Reactions: Thank You! 1


----------



## Barb (Mar 29, 2021)

trc65 said:


> Here's an epoxy that Amazon carries (maybe faster shipping to you) that lists FDA approval. 6 hr dry time at 75°.
> 
> 
> 
> ...


Thanks a lot. :) That epoxy isn’t in stock but I added it to my list so I won’t forget it. I’ve looked at a few rotisseries for cups but they’re pretty much all for coating the outside of a mug, while it’s being secured on the inside so I think I’m going to have to make something to hold a chuck.


----------



## T. Ben (Mar 29, 2021)

Very cool cups.

Reactions: Thank You! 1


----------



## Eric Rorabaugh (Mar 29, 2021)

Cool Barb. I like that white!

Reactions: Thank You! 1


----------



## Barb (Mar 29, 2021)

Eric Rorabaugh said:


> Cool Barb. I like that white!


Thanks! Did you see yours on the cherry burl thread?


----------



## 2feathers Creative Making (Mar 29, 2021)

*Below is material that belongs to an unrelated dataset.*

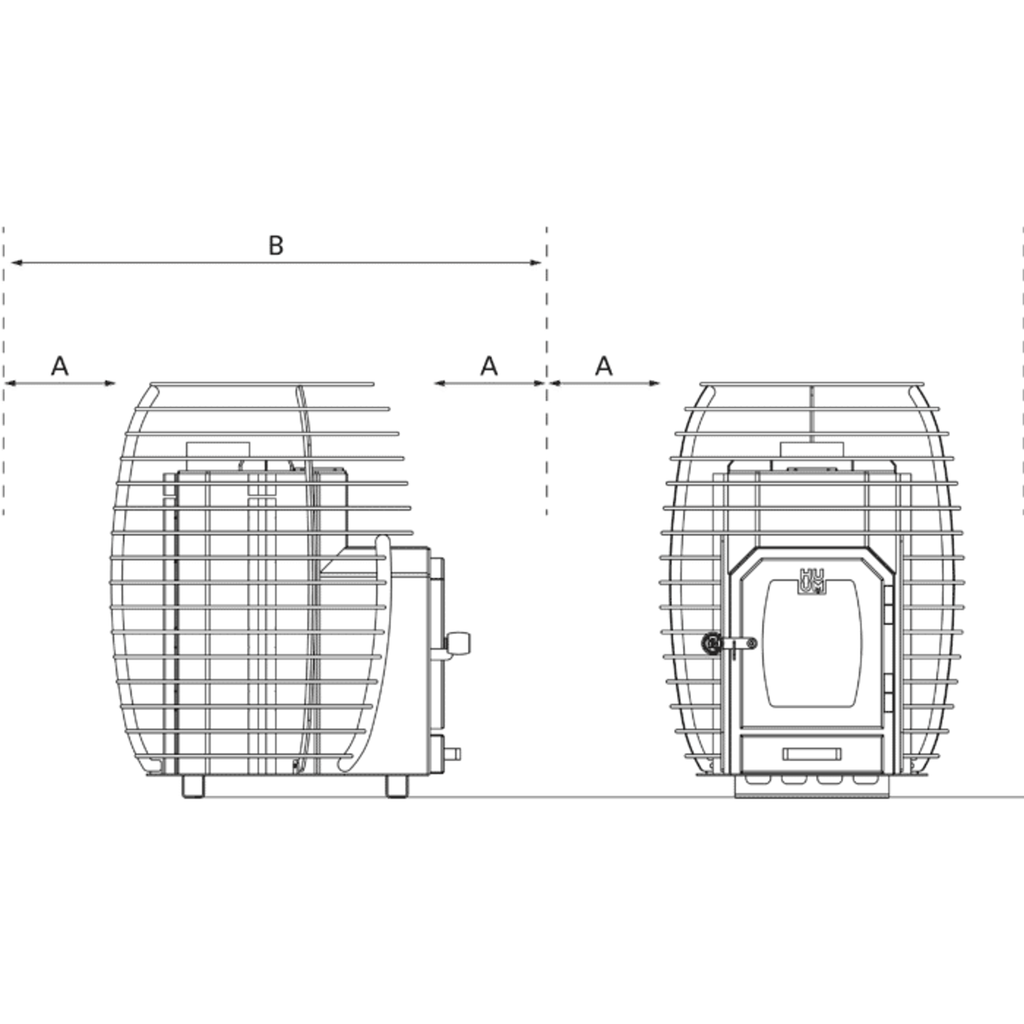 HUUM Hive Wood 13 Wood-Burning Sauna Heater 177 to 460 cubic feet HUUM Huum_Veebijoonised_koos_4-03-e1562654266612.png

There are lists of food safe epoxies. Cant personally speak to a certain brand being great. Not enough experience. However your turning tool to keep them spinning might look like this

Reactions: Like 1


----------



## Eric Rorabaugh (Mar 29, 2021)

I did. I like!

Reactions: Like 1


----------



## trc65 (Apr 4, 2021)

Barb, here's the supplier my niece uses for her glitter tumblers.









Mr. Nola's Glitter LLC


glitter, crafts, sparkle, bling, arts, shine, glittery, create, creative, New Orleans, Mardi Gras, Purple, Green, Gold, Louisiana




www.mrnolasglitter.com





She said she can recoat, at the right temps, at around 4 hours. FDA compliant, low odor, VOC free and has UV stabilizers to prevent yellowing. She said they are currently out of stock due to a formulation error at the manufacturer, but should be in stock soon. She has tried lots of different products and settled on this one as her favorite.


----------



## Barb (Apr 4, 2021)

trc65 said:


> Barb, here's the supplier my niece uses for her glitter tumblers.
> 
> 
> 
> ...


Awesome! That looks like it would be much quicker than what I'm using now. Thank you! :)

Reactions: Like 1


----------